What the exercise asks: For the records below, print the lines from the line with "Silent Drill Ausstellung" through the line with "Mums doing pushups" exactly as written; include both end lines and exclude the rest.

*** Records for this exercise Section Begins ***

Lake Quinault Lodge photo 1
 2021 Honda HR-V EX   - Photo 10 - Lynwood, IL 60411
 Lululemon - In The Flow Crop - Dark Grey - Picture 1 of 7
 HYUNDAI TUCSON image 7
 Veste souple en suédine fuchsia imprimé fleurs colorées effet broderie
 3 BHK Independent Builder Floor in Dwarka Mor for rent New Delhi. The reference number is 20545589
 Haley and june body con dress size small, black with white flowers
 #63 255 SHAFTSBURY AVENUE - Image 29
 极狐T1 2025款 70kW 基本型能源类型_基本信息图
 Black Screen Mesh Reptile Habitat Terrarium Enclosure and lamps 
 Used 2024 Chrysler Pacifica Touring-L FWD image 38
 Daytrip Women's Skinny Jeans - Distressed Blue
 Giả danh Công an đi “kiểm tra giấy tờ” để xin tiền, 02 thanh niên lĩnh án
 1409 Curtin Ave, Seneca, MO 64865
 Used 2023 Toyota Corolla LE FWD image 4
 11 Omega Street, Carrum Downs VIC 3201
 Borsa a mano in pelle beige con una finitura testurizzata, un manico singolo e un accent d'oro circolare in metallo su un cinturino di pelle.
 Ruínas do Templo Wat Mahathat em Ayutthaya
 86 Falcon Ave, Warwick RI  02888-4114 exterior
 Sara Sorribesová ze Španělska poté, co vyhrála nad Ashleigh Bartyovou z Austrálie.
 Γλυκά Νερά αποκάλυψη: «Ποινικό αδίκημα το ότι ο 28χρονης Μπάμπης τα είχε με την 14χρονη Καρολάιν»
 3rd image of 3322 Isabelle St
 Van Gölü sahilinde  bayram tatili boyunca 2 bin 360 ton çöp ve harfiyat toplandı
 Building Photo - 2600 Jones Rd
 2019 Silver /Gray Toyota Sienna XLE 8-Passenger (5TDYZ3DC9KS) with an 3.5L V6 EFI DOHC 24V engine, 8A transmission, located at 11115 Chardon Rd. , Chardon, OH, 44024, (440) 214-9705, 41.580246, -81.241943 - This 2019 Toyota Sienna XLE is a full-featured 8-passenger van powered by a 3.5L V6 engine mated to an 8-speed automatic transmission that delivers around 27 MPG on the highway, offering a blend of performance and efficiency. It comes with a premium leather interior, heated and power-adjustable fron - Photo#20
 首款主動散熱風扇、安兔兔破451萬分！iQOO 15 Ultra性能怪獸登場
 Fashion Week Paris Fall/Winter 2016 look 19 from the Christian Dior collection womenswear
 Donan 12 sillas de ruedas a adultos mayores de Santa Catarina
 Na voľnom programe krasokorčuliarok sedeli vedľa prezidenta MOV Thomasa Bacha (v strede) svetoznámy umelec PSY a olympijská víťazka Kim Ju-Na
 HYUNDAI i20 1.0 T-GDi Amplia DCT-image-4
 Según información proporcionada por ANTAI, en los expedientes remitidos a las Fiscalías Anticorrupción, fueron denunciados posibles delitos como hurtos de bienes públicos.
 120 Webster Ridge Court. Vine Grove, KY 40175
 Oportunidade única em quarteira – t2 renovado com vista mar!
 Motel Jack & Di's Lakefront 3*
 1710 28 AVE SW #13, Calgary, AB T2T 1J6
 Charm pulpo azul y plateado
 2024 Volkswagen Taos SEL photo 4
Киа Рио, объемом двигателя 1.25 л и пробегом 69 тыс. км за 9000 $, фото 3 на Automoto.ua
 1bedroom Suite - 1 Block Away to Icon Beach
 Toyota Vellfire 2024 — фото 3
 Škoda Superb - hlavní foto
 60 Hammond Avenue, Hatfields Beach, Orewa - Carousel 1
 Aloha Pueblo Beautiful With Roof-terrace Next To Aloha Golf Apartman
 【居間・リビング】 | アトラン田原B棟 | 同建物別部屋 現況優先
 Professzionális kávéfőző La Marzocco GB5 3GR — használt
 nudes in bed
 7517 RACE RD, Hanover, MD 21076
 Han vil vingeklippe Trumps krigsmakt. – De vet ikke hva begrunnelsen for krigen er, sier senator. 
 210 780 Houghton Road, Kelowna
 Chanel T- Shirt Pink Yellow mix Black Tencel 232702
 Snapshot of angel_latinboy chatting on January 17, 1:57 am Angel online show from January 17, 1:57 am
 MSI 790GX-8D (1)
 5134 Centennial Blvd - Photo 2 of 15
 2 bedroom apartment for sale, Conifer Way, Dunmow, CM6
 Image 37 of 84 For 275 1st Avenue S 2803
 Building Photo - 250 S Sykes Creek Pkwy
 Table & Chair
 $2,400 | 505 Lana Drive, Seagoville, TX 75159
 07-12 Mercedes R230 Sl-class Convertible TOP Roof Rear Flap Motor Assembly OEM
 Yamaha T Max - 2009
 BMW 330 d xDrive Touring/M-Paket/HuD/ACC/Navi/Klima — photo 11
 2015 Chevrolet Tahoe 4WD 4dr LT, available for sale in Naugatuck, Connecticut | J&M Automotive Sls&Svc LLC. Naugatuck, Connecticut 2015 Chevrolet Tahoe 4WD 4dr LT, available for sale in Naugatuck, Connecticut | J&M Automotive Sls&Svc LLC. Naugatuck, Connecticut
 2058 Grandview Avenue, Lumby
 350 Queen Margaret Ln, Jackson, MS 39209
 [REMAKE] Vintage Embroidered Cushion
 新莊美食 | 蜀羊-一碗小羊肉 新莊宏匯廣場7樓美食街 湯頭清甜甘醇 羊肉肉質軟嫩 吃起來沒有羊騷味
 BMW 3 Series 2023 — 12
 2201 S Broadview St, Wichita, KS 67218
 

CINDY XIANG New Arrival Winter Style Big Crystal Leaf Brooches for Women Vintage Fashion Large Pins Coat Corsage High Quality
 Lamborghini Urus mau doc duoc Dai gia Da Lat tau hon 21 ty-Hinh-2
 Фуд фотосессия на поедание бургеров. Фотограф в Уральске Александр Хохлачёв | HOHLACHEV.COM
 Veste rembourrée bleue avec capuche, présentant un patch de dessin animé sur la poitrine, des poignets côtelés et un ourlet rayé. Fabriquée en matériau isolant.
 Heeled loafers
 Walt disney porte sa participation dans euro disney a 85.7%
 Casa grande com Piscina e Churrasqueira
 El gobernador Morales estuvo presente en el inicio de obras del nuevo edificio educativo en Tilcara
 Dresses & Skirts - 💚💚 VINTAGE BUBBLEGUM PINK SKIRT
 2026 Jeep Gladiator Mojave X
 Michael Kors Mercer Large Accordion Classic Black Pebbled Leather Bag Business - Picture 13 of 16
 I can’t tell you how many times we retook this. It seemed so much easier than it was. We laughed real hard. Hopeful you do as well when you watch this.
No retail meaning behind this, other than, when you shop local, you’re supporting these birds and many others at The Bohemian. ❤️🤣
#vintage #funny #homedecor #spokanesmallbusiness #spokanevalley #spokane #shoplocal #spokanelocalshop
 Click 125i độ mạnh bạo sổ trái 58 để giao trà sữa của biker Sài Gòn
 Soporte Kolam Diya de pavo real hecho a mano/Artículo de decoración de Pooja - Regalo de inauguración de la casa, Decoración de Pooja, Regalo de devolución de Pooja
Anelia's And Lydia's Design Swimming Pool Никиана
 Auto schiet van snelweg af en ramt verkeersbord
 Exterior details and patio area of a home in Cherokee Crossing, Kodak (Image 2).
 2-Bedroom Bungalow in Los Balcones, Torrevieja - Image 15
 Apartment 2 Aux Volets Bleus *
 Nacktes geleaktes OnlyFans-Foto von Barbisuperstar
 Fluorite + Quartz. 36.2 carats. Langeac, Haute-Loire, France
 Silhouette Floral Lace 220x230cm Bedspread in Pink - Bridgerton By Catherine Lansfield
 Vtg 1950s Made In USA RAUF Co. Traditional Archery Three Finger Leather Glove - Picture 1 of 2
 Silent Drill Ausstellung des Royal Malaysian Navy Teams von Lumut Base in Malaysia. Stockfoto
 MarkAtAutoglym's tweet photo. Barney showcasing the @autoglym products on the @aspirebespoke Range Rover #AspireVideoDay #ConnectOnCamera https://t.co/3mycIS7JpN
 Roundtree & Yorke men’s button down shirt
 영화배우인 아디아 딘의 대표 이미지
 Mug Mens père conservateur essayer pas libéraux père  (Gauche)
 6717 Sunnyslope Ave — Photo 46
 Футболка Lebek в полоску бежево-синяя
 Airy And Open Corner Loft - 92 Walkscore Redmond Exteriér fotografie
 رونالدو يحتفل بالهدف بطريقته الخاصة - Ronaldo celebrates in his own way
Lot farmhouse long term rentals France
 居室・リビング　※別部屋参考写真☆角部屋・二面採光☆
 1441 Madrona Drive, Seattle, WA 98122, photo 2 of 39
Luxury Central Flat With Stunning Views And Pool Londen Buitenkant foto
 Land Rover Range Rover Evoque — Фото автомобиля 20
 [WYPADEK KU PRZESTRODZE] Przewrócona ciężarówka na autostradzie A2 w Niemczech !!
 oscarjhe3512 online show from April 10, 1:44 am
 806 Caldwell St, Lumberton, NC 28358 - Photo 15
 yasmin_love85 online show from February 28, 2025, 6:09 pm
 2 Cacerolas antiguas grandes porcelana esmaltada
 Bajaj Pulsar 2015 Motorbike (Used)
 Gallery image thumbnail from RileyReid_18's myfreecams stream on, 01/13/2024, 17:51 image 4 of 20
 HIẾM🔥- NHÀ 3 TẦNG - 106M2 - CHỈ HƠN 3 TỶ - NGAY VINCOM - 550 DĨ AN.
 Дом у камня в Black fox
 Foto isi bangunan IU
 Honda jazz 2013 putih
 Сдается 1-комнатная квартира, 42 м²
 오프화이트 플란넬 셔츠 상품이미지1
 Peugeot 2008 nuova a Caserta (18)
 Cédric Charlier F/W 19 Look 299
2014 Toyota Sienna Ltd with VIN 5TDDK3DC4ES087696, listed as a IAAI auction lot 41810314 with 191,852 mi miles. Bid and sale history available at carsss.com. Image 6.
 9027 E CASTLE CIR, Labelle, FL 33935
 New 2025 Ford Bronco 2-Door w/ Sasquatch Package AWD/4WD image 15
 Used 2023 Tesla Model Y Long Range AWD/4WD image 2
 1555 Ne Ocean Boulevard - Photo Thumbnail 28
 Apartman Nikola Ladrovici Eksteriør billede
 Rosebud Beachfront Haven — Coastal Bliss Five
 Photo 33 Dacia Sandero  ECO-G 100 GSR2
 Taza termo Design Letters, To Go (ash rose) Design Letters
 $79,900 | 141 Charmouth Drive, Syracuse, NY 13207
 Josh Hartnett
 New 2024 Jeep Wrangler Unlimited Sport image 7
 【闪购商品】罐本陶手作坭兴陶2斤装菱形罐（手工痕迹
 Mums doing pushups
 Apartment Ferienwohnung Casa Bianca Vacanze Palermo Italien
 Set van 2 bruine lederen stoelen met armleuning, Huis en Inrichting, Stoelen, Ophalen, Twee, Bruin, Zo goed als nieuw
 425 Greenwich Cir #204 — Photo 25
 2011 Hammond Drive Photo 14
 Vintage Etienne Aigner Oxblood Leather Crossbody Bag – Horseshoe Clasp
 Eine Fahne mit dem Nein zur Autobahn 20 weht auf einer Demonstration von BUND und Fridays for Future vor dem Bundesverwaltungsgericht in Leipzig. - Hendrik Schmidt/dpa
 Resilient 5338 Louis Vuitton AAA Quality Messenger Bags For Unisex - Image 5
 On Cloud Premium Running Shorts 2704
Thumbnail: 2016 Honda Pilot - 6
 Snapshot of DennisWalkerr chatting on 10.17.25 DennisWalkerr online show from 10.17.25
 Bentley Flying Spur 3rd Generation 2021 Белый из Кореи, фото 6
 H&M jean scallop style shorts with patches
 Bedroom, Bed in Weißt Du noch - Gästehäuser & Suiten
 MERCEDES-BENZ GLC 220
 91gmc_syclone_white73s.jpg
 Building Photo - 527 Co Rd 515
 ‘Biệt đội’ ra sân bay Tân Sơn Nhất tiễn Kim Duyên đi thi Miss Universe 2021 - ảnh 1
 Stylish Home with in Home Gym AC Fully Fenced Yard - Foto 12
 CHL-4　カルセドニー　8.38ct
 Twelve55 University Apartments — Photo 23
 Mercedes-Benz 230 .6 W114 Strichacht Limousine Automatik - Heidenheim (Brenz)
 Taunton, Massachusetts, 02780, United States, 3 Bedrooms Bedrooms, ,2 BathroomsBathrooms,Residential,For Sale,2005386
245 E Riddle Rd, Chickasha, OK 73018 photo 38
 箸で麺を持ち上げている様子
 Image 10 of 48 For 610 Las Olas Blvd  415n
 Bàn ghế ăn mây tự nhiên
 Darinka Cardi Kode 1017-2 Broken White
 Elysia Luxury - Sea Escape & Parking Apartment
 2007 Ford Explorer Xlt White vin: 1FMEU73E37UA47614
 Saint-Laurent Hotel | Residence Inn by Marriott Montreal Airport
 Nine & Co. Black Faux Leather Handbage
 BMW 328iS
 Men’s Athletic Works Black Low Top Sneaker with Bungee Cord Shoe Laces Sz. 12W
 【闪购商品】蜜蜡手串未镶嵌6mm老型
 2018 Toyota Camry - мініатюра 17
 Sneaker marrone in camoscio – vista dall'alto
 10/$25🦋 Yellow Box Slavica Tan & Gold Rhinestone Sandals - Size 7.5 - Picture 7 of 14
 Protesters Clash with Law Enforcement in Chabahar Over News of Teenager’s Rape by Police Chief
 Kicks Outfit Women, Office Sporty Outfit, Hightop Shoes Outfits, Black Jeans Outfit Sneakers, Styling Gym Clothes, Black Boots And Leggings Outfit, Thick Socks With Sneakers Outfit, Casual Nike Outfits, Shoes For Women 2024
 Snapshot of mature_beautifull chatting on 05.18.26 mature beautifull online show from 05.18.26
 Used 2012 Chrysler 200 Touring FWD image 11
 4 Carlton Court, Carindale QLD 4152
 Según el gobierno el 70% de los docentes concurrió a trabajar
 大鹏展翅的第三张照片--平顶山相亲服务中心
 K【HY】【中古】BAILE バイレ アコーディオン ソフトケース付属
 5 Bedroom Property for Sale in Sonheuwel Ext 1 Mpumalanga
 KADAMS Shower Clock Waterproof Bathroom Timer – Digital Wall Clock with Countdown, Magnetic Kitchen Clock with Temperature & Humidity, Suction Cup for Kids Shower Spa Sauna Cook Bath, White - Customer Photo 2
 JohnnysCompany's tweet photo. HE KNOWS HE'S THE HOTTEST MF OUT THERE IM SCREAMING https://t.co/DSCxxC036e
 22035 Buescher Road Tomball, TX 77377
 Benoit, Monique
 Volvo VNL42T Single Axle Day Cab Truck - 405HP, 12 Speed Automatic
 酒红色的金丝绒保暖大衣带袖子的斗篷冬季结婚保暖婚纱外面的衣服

*** Records for this exercise Section Ends ***

Written solution:
 Silent Drill Ausstellung des Royal Malaysian Navy Teams von Lumut Base in Malaysia. Stockfoto
 MarkAtAutoglym's tweet photo. Barney showcasing the @autoglym products on the @aspirebespoke Range Rover #AspireVideoDay #ConnectOnCamera https://t.co/3mycIS7JpN
 Roundtree & Yorke men’s button down shirt
 영화배우인 아디아 딘의 대표 이미지
 Mug Mens père conservateur essayer pas libéraux père  (Gauche)
 6717 Sunnyslope Ave — Photo 46
 Футболка Lebek в полоску бежево-синяя
 Airy And Open Corner Loft - 92 Walkscore Redmond Exteriér fotografie
 رونالدو يحتفل بالهدف بطريقته الخاصة - Ronaldo celebrates in his own way
Lot farmhouse long term rentals France
 居室・リビング　※別部屋参考写真☆角部屋・二面採光☆
 1441 Madrona Drive, Seattle, WA 98122, photo 2 of 39
Luxury Central Flat With Stunning Views And Pool Londen Buitenkant foto
 Land Rover Range Rover Evoque — Фото автомобиля 20
 [WYPADEK KU PRZESTRODZE] Przewrócona ciężarówka na autostradzie A2 w Niemczech !!
 oscarjhe3512 online show from April 10, 1:44 am
 806 Caldwell St, Lumberton, NC 28358 - Photo 15
 yasmin_love85 online show from February 28, 2025, 6:09 pm
 2 Cacerolas antiguas grandes porcelana esmaltada
 Bajaj Pulsar 2015 Motorbike (Used)
 Gallery image thumbnail from RileyReid_18's myfreecams stream on, 01/13/2024, 17:51 image 4 of 20
 HIẾM🔥- NHÀ 3 TẦNG - 106M2 - CHỈ HƠN 3 TỶ - NGAY VINCOM - 550 DĨ AN.
 Дом у камня в Black fox
 Foto isi bangunan IU
 Honda jazz 2013 putih
 Сдается 1-комнатная квартира, 42 м²
 오프화이트 플란넬 셔츠 상품이미지1
 Peugeot 2008 nuova a Caserta (18)
 Cédric Charlier F/W 19 Look 299
2014 Toyota Sienna Ltd with VIN 5TDDK3DC4ES087696, listed as a IAAI auction lot 41810314 with 191,852 mi miles. Bid and sale history available at carsss.com. Image 6.
 9027 E CASTLE CIR, Labelle, FL 33935
 New 2025 Ford Bronco 2-Door w/ Sasquatch Package AWD/4WD image 15
 Used 2023 Tesla Model Y Long Range AWD/4WD image 2
 1555 Ne Ocean Boulevard - Photo Thumbnail 28
 Apartman Nikola Ladrovici Eksteriør billede
 Rosebud Beachfront Haven — Coastal Bliss Five
 Photo 33 Dacia Sandero  ECO-G 100 GSR2
 Taza termo Design Letters, To Go (ash rose) Design Letters
 $79,900 | 141 Charmouth Drive, Syracuse, NY 13207
 Josh Hartnett
 New 2024 Jeep Wrangler Unlimited Sport image 7
 【闪购商品】罐本陶手作坭兴陶2斤装菱形罐（手工痕迹
 Mums doing pushups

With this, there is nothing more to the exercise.